= YOUR INSTRUCTIONS =
Without any images, write the data out exactly as it appears.

==== DATA SUPPLIED

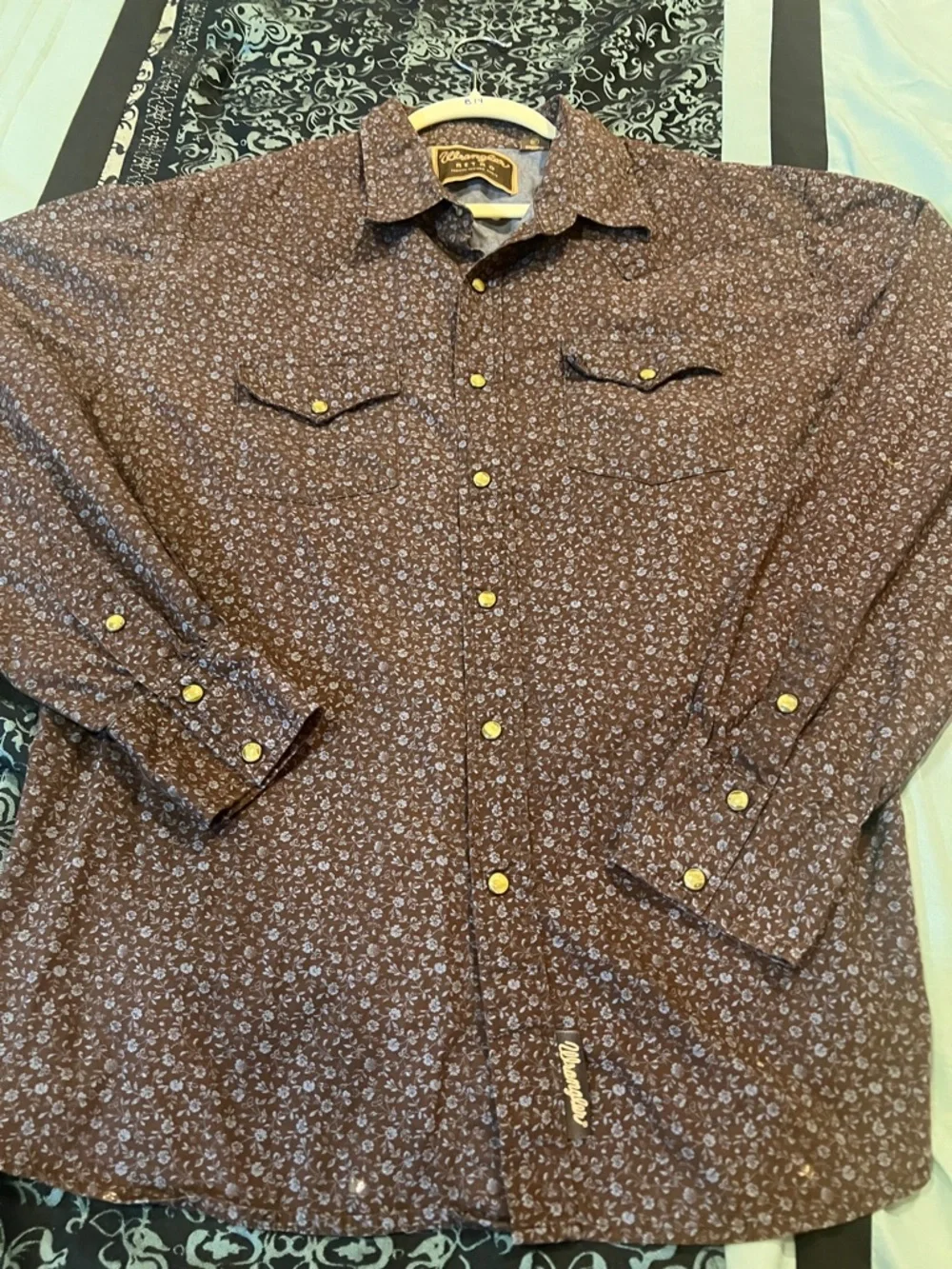 Wrangler RETRO Brown Floral-Print Long-Sleeve Button-Down Shirt - Picture 1 of 7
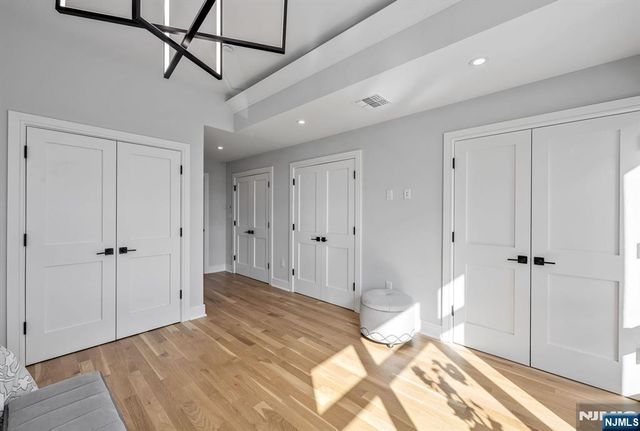 2445 E Camner Street, Fort Lee, NJ 07024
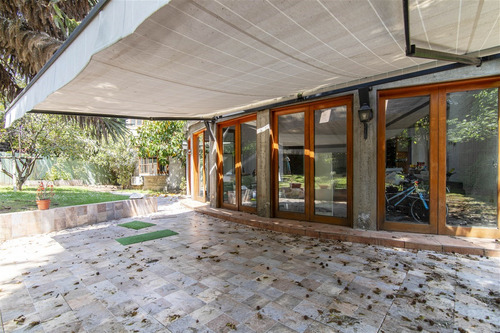 Casa En Venta En La Reina Alta ! Vista Verde, Buen Barrio!!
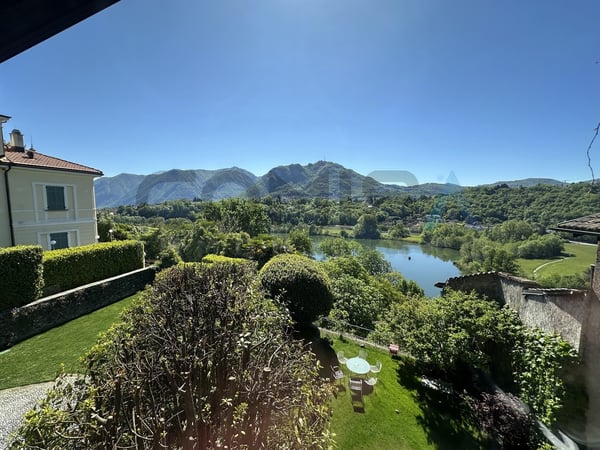 MUZZANO  Villa di charme 6.5 locali giardino e vista lago 2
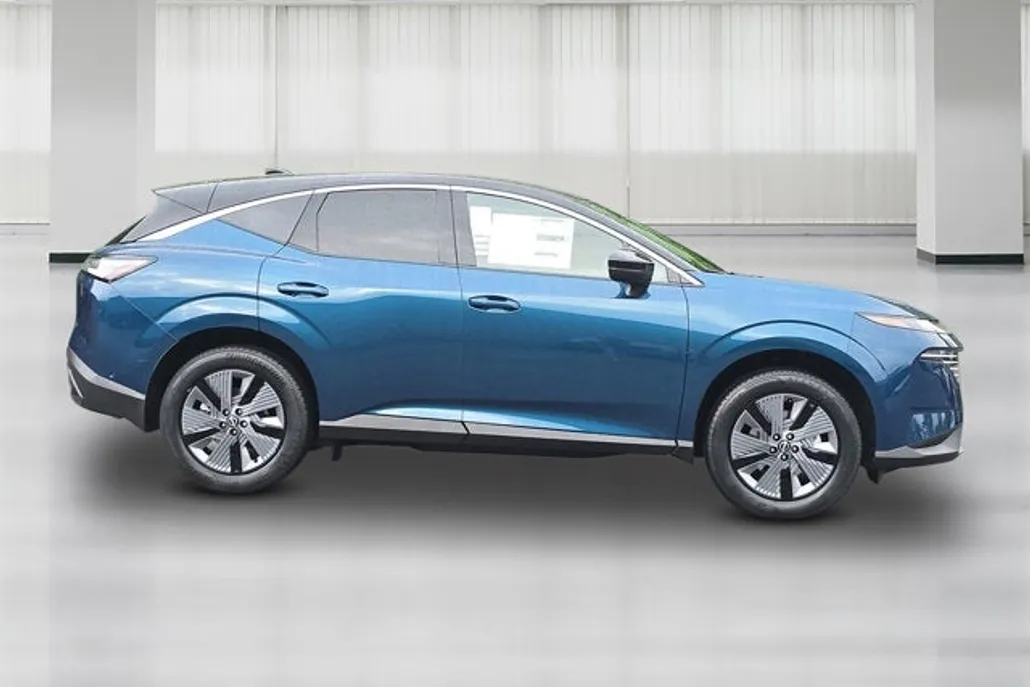 2025 Nissan Murano SL photo 1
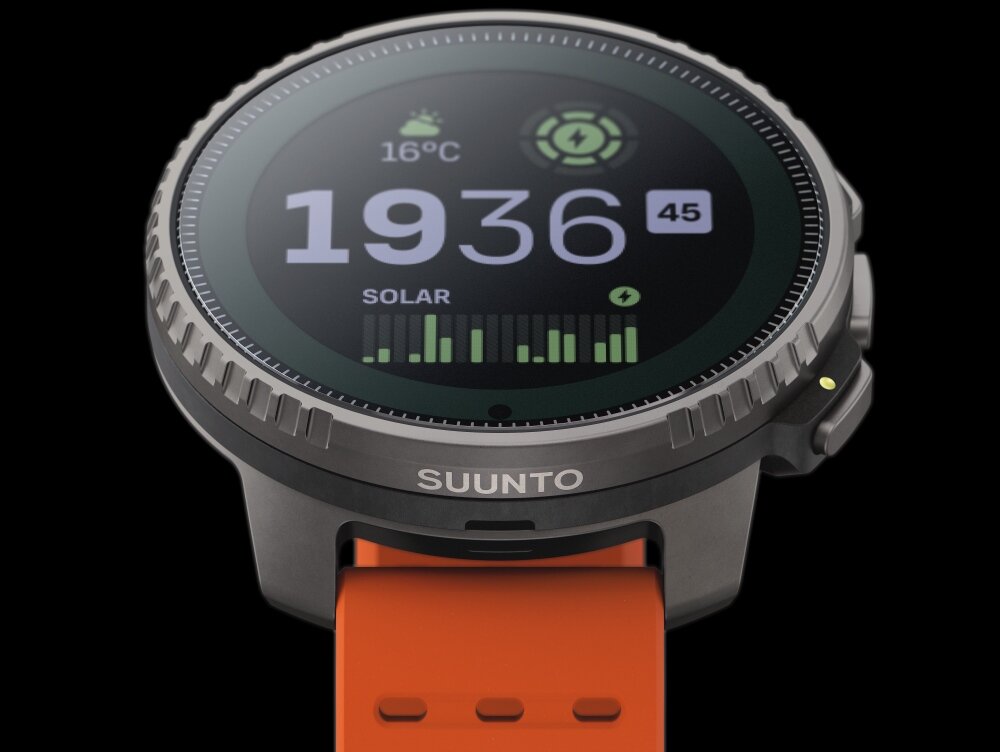 Smartwatch z okrągłym wyświetlaczem pokazuje godzinę 19:36, temperaturę 16°C i poziom naładowania solarnego. Pasek zegarka jest pomarańczowy, a na obudowie widoczne jest logo \'SUUNTO\'.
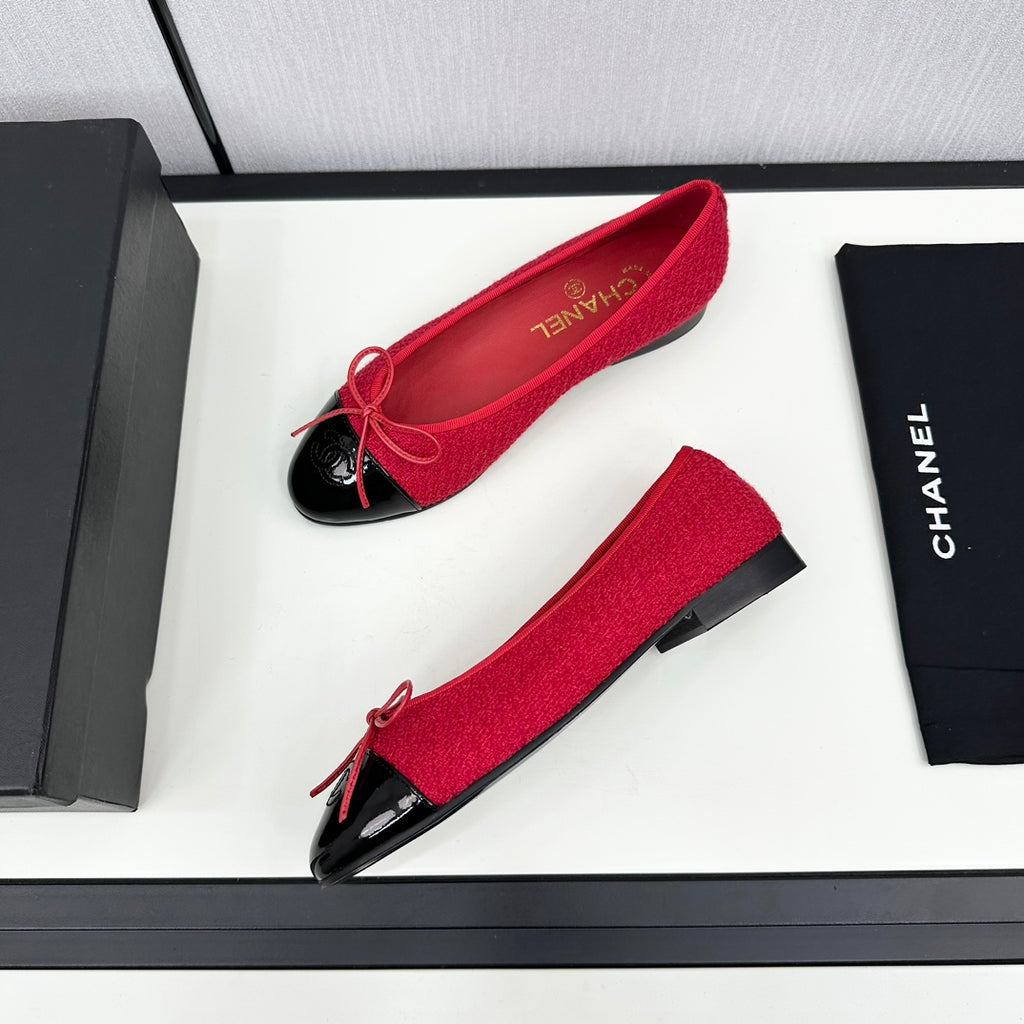 *PRE-ORDER* RED AND BLACK PUMPS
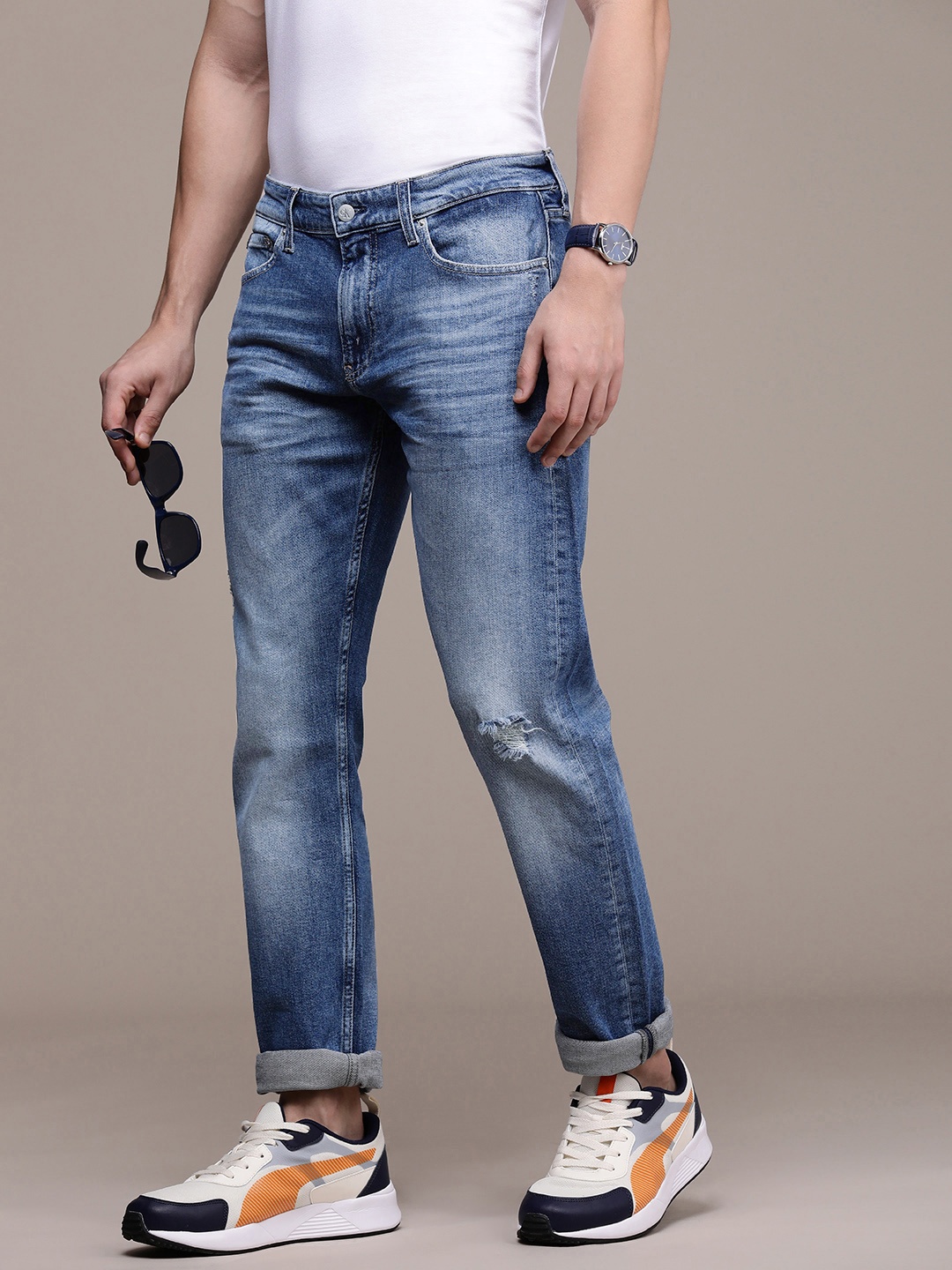 

Calvin Klein Jeans Men Slim Fit Mildly Distressed Heavy Fade Stretchable Jeans, Blue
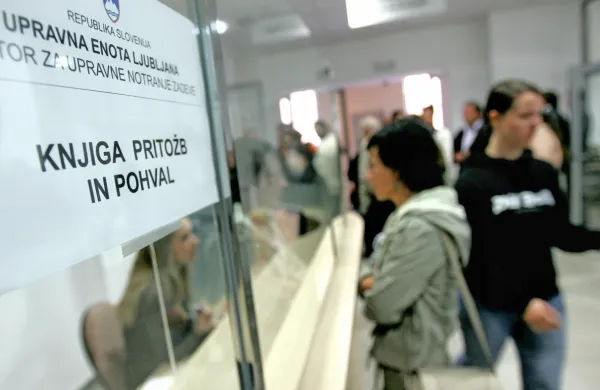  S pozivi, naj delajo tudi ob sobotah in z nadurami, se je na upravne 
enote obrnil pristojni minister za javno upravo. 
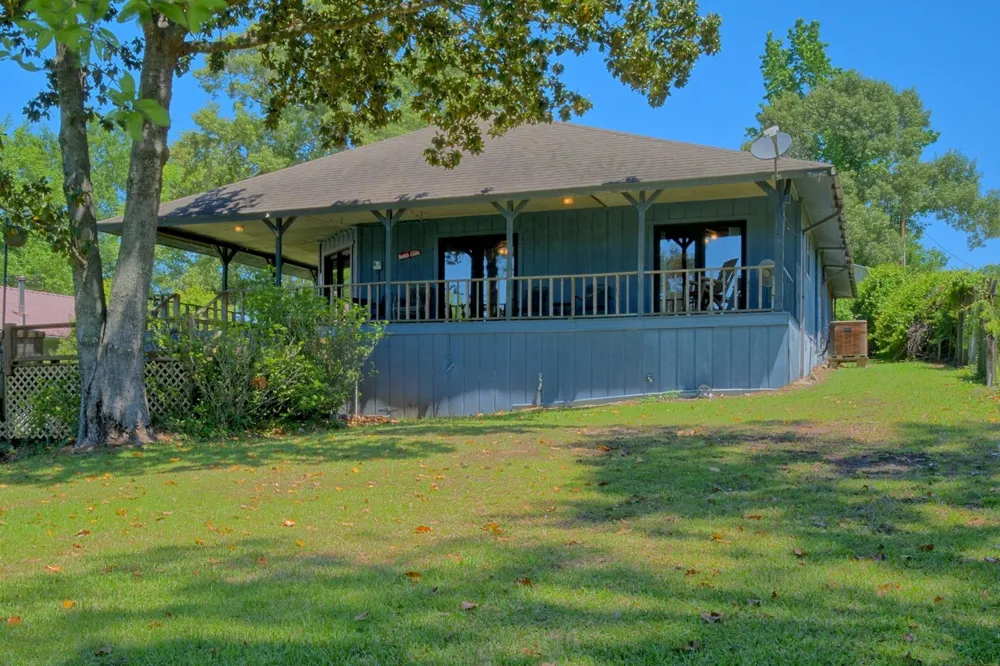 203 Whispering Pine Burkeville, TX 75932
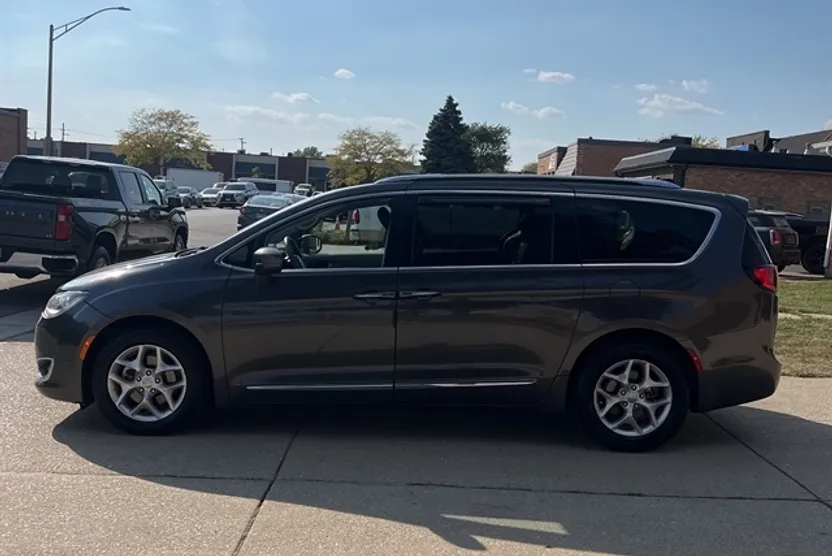 2020 Chrysler Pacifica Touring L photo 1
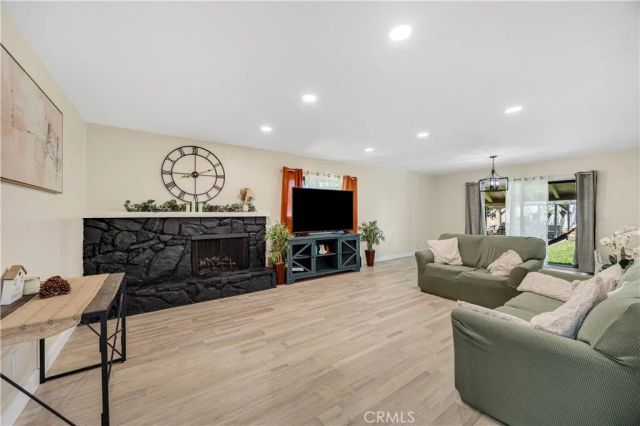 5065 Carlingford Ave, Riverside, CA 92504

========

= RESULT OF THE TASK =
 Wrangler RETRO Brown Floral-Print Long-Sleeve Button-Down Shirt - Picture 1 of 7
 2445 E Camner Street, Fort Lee, NJ 07024
 Casa En Venta En La Reina Alta ! Vista Verde, Buen Barrio!!
 MUZZANO  Villa di charme 6.5 locali giardino e vista lago 2
 2025 Nissan Murano SL photo 1
 Smartwatch z okrągłym wyświetlaczem pokazuje godzinę 19:36, temperaturę 16°C i poziom naładowania solarnego. Pasek zegarka jest pomarańczowy, a na obudowie widoczne jest logo \'SUUNTO\'.
 *PRE-ORDER* RED AND BLACK PUMPS

Calvin Klein Jeans Men Slim Fit Mildly Distressed Heavy Fade Stretchable Jeans, Blue
  S pozivi, naj delajo tudi ob sobotah in z nadurami, se je na upravne 
enote obrnil pristojni minister za javno upravo. 
 203 Whispering Pine Burkeville, TX 75932
 2020 Chrysler Pacifica Touring L photo 1
 5065 Carlingford Ave, Riverside, CA 92504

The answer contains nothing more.